# TASK REQUIREMENTS
Among the entries below, find the line with "355 ml puodelis" and the line with "Kusuriya no Hitorigoto Chapter 84 page 20". Return exactly those lines and every line between them, but no pictures.

# DATASET
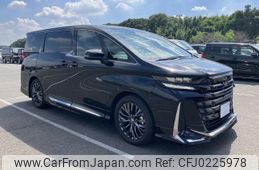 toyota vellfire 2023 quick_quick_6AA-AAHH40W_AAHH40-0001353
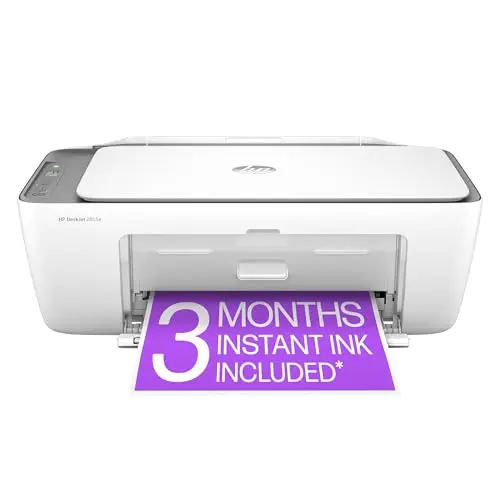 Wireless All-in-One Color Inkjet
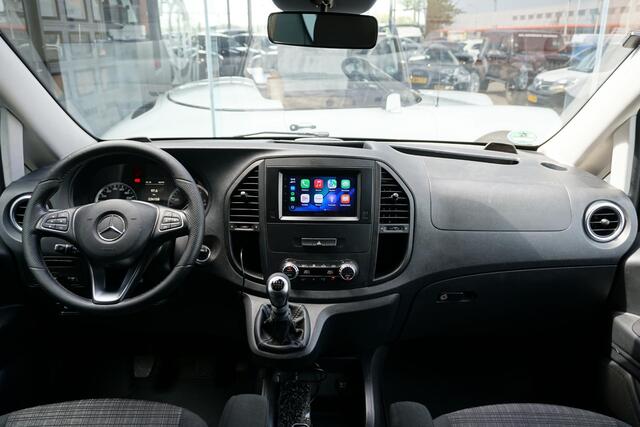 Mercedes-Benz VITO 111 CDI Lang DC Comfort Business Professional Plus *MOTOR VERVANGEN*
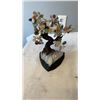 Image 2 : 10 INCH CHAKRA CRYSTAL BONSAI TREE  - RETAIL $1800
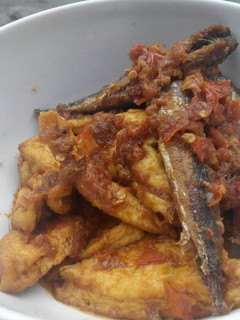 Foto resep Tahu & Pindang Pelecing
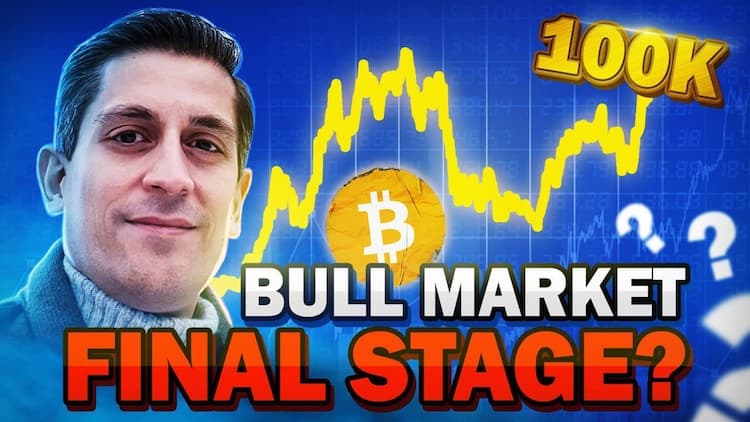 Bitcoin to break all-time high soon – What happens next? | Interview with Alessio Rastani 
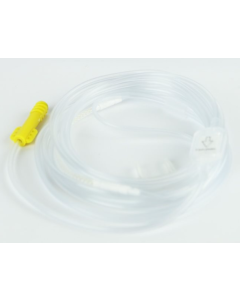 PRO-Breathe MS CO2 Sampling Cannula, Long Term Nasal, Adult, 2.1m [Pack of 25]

* * *

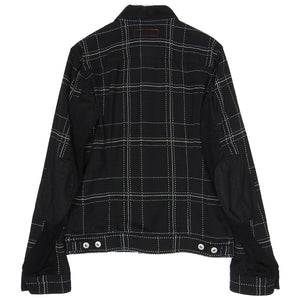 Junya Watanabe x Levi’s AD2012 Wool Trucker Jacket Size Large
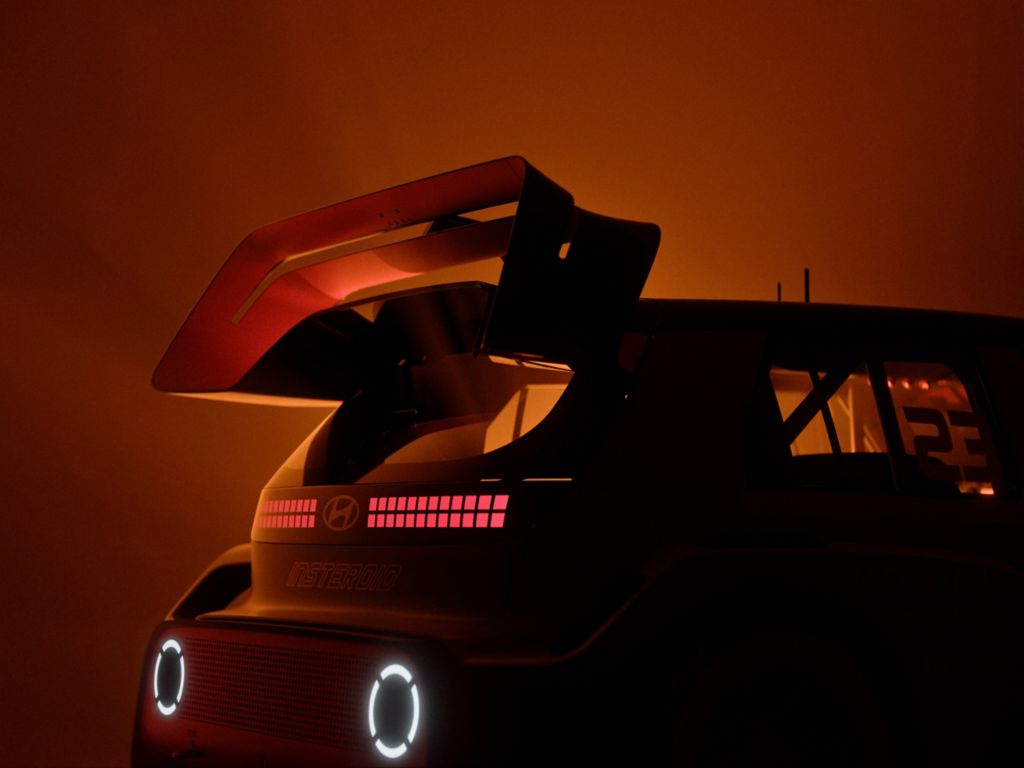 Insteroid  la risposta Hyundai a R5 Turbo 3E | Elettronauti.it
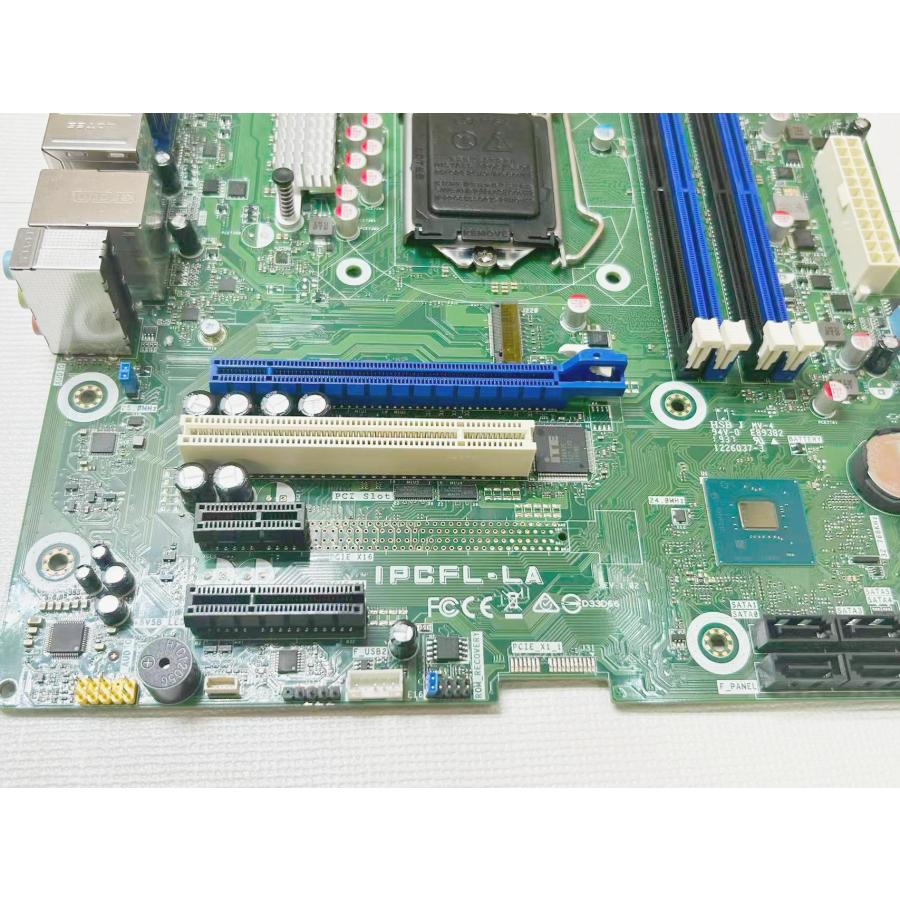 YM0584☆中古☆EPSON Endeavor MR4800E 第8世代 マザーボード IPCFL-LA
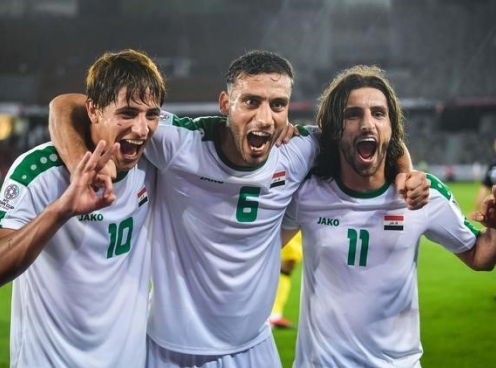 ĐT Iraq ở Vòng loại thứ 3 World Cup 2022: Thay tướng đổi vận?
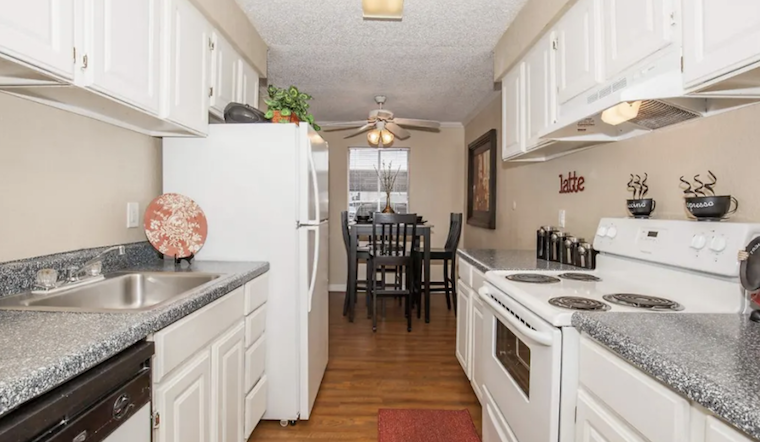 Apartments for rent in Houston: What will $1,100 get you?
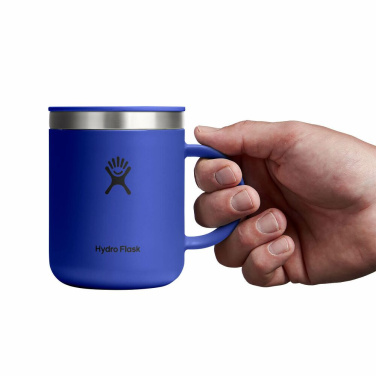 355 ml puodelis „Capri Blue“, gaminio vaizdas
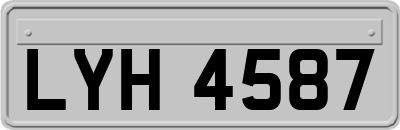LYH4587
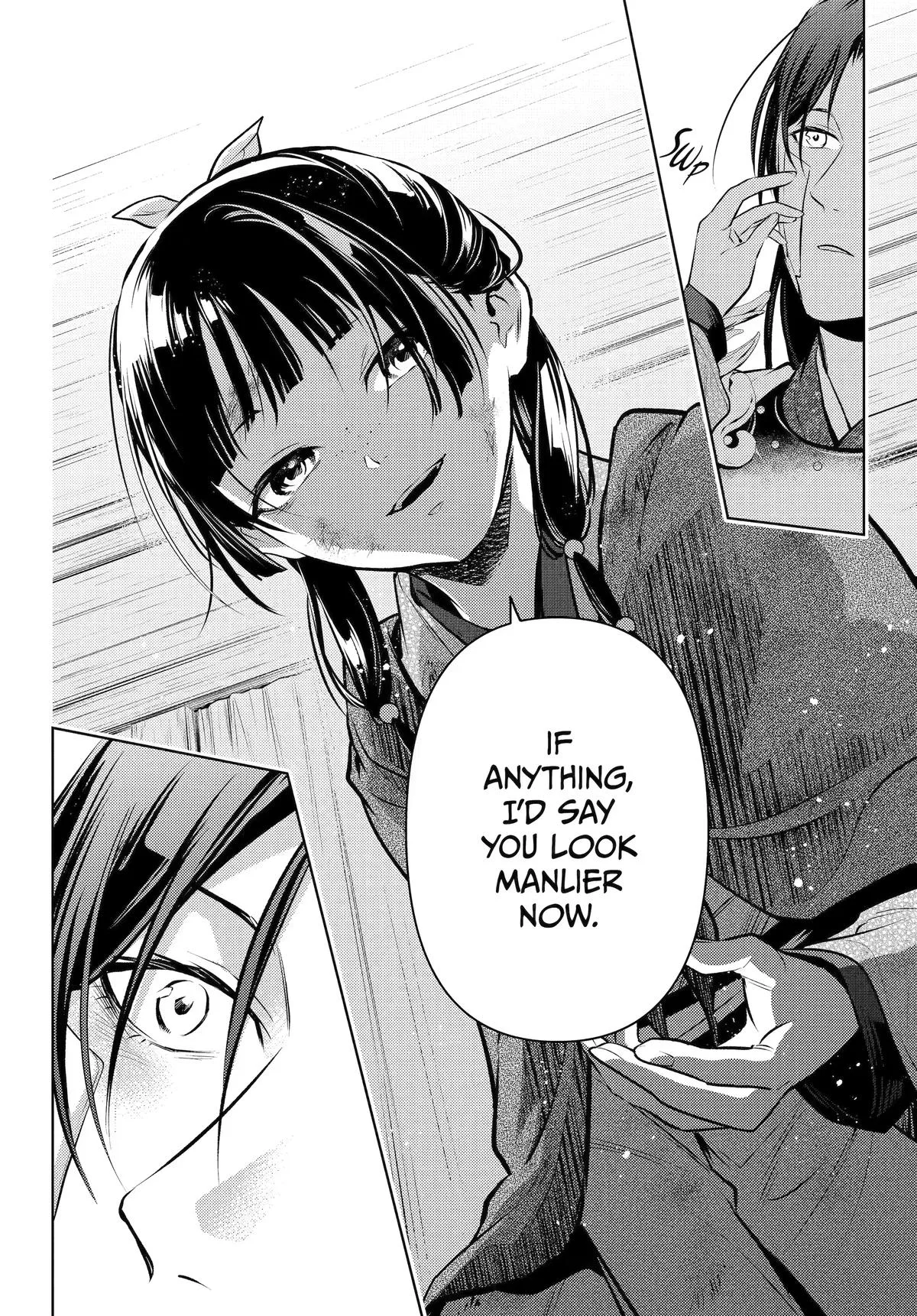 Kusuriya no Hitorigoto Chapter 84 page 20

# OUTPUT OF THE TASK
 355 ml puodelis „Capri Blue“, gaminio vaizdas
LYH4587
 Kusuriya no Hitorigoto Chapter 84 page 20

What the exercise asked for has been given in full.